Uitspraak
[veroordeelde](hierna te noemen: veroordeelde),
Rechtbank Gelderland
In deze zaak, behandeld door de meervoudige militaire kamer van de Rechtbank Gelderland, is op 24 februari 2020 uitspraak gedaan over een ontnemingsvordering van de officier van justitie tegen de veroordeelde. De zaak betreft een vordering tot betaling van een bedrag dat door de officier van justitie is gesteld op € 22.200,00, als wederrechtelijk verkregen voordeel. De zittingen vonden plaats op 28 januari 2019 en 10 februari 2020, waarbij de veroordeelde werd bijgestaan door zijn raadsman, mr. L.J.B.G. van Kleef.
Tijdens de zitting op 10 februari 2020 heeft de officier van justitie de vordering aangepast en het bedrag verlaagd naar € 4.300,00. De officier voerde aan dat de veroordeelde onrechtmatig negen kentekens en vijfentwintig personen had bevraagd.
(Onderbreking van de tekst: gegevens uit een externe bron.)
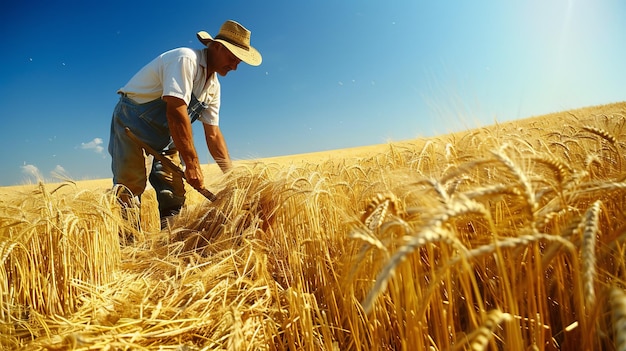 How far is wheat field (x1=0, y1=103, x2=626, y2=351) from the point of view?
0.55m

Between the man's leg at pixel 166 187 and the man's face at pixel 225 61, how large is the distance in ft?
3.03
De verdediging heeft echter betoogd dat niet wettig en overtuigend bewezen kan worden dat de veroordeelde giften heeft aangenomen voor deze bevragingen. Subsidiair werd verzocht om de vordering te matigen.
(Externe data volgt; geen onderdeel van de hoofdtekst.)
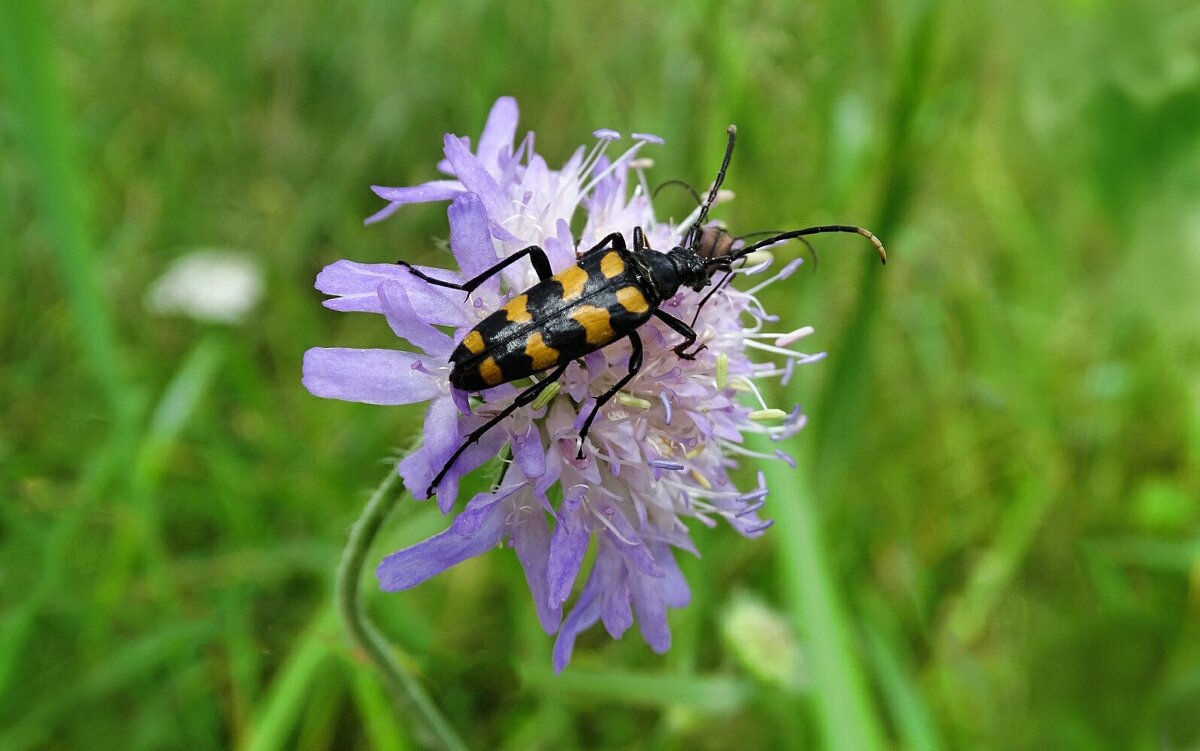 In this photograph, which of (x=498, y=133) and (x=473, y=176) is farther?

De militaire kamer heeft kennisgenomen van het vonnis van 24 februari 2020, waarbij de veroordeelde is vrijgesproken van het feit waarop de ontnemingsvordering is gebaseerd. Gezien het ontbreken van bewijs voor wederrechtelijk verkregen voordeel, heeft de militaire kamer de vordering tot ontneming van het wederrechtelijk verkregen voordeel afgewezen. De beslissing werd uitgesproken door de voorzitter en de rechters, met de griffier aanwezig.